■ **Your task**:
Transcribe every entry word for word, but skip the images.

■ **Supplied material**:
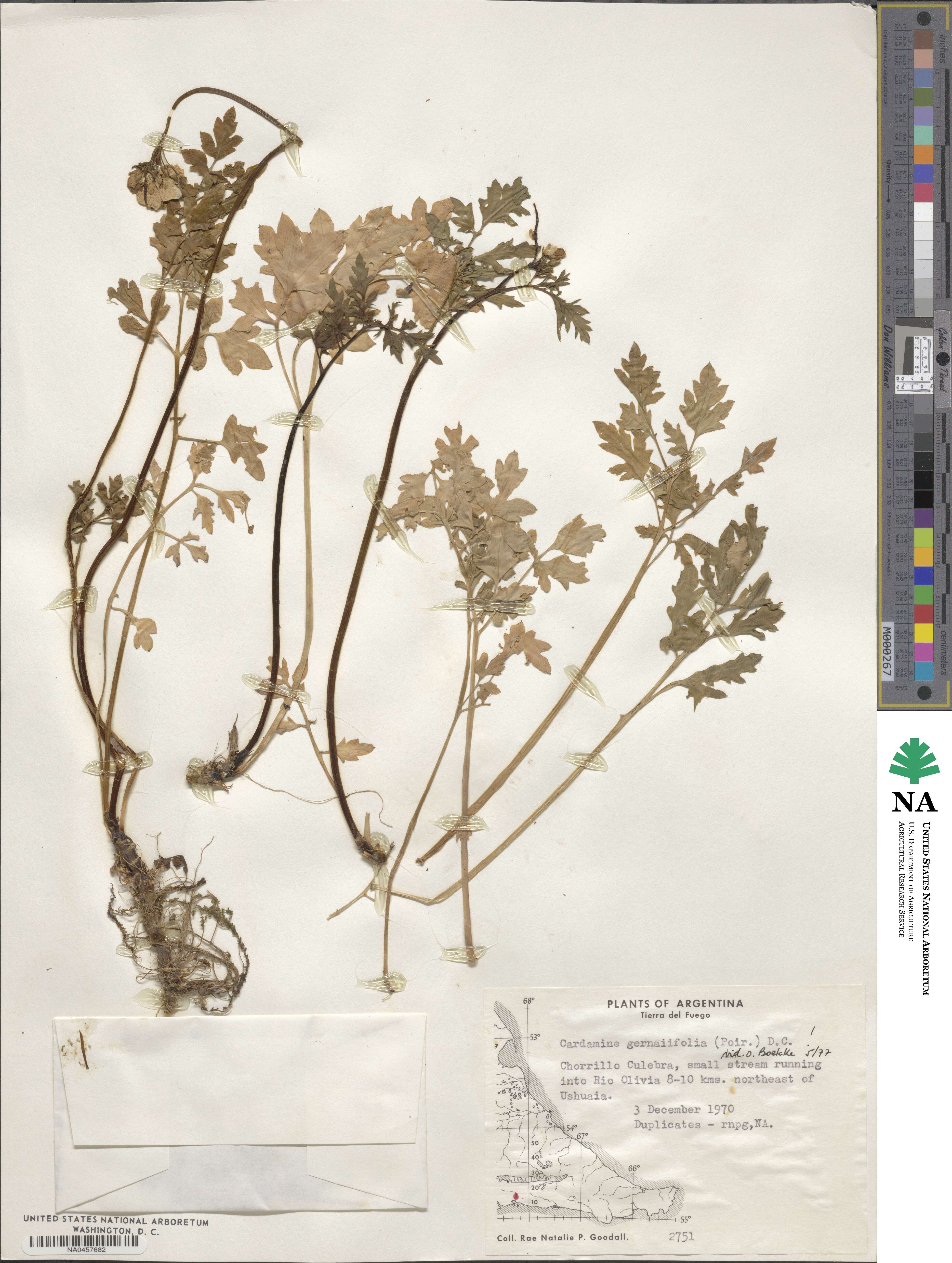 Cardamine geraniifolia image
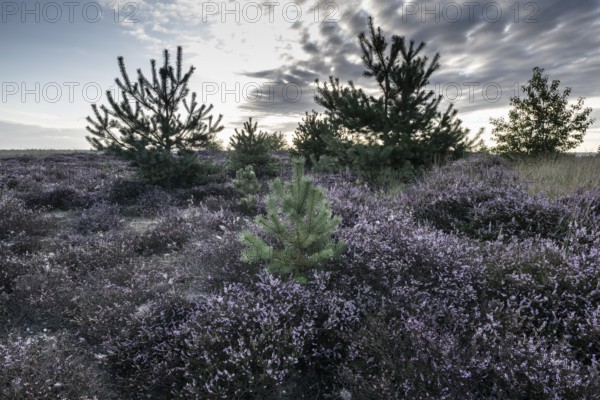 Heath landscape at sunrise, Emsland, Lower Saxony, Germany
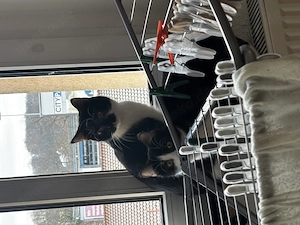 Balou&Krümel suchen neues Zuhause! 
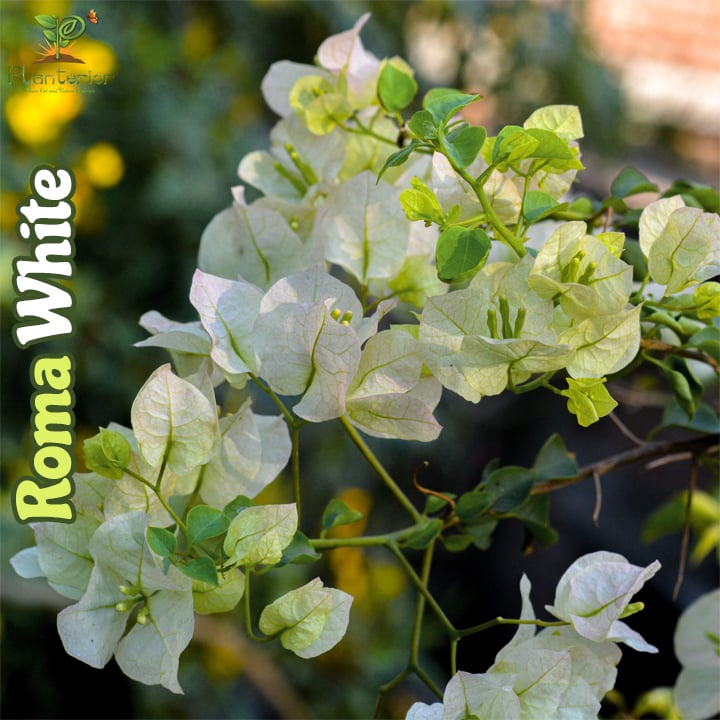 Roma White Bougainvillea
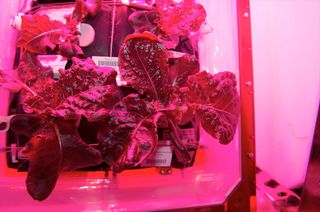 Astronauts on the International Space Station harvested a crop of "Outredgeous" red romaine lettuce from the Veggie plant growth system for growing vegetables and other plants in space.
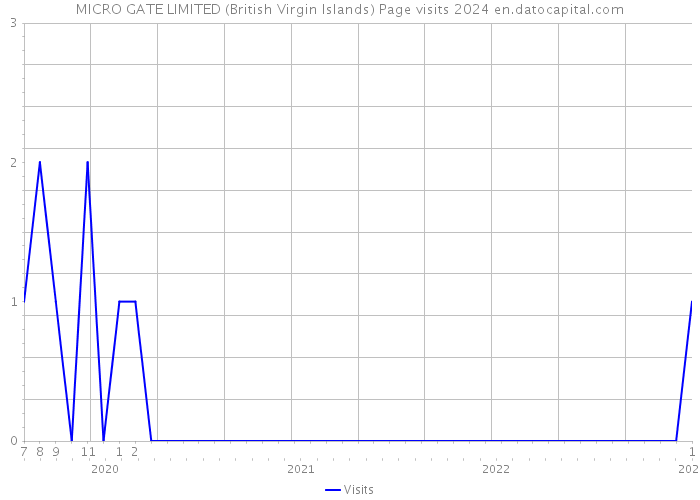 MICRO GATE LIMITED (British Virgin Islands) Page visits 2024 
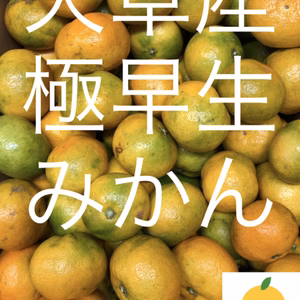 天草産　極早生みかん　家庭用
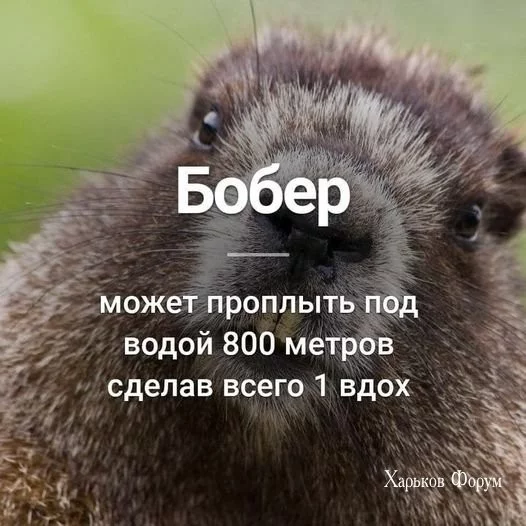 c82f891be9e51d1616f3c.webp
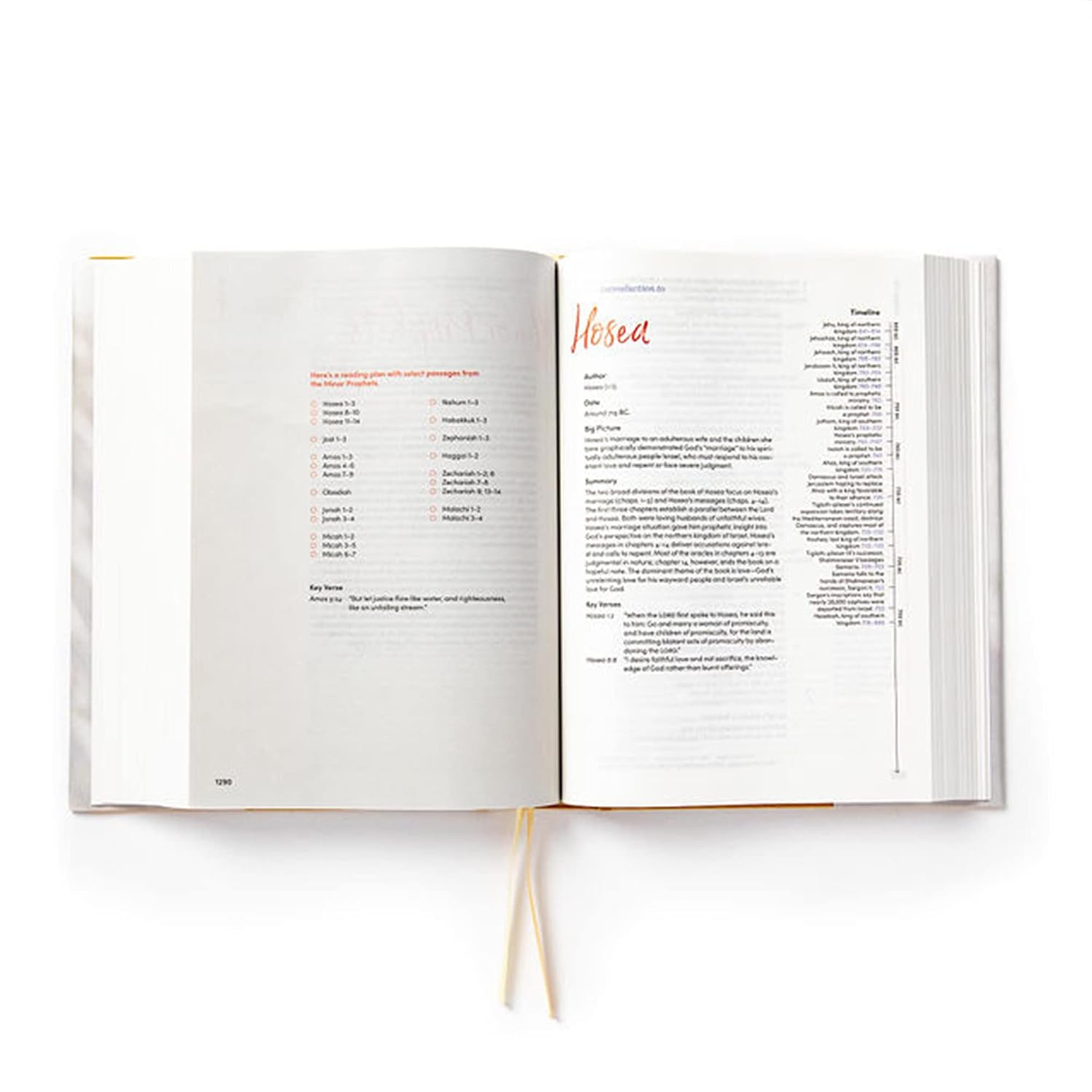 CSB Lifeway Women's Bible, Camel Cloth Over Board, Black Letter, Single-Column, Wide-Margins, Devotions, Articles, Word Studies, Character Profiles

■ **Solution to the exercise**:
 Cardamine geraniifolia image
 Heath landscape at sunrise, Emsland, Lower Saxony, Germany
 Balou&Krümel suchen neues Zuhause! 
 Roma White Bougainvillea
 Astronauts on the International Space Station harvested a crop of "Outredgeous" red romaine lettuce from the Veggie plant growth system for growing vegetables and other plants in space.
 MICRO GATE LIMITED (British Virgin Islands) Page visits 2024 
 天草産　極早生みかん　家庭用
 c82f891be9e51d1616f3c.webp
 CSB Lifeway Women's Bible, Camel Cloth Over Board, Black Letter, Single-Column, Wide-Margins, Devotions, Articles, Word Studies, Character Profiles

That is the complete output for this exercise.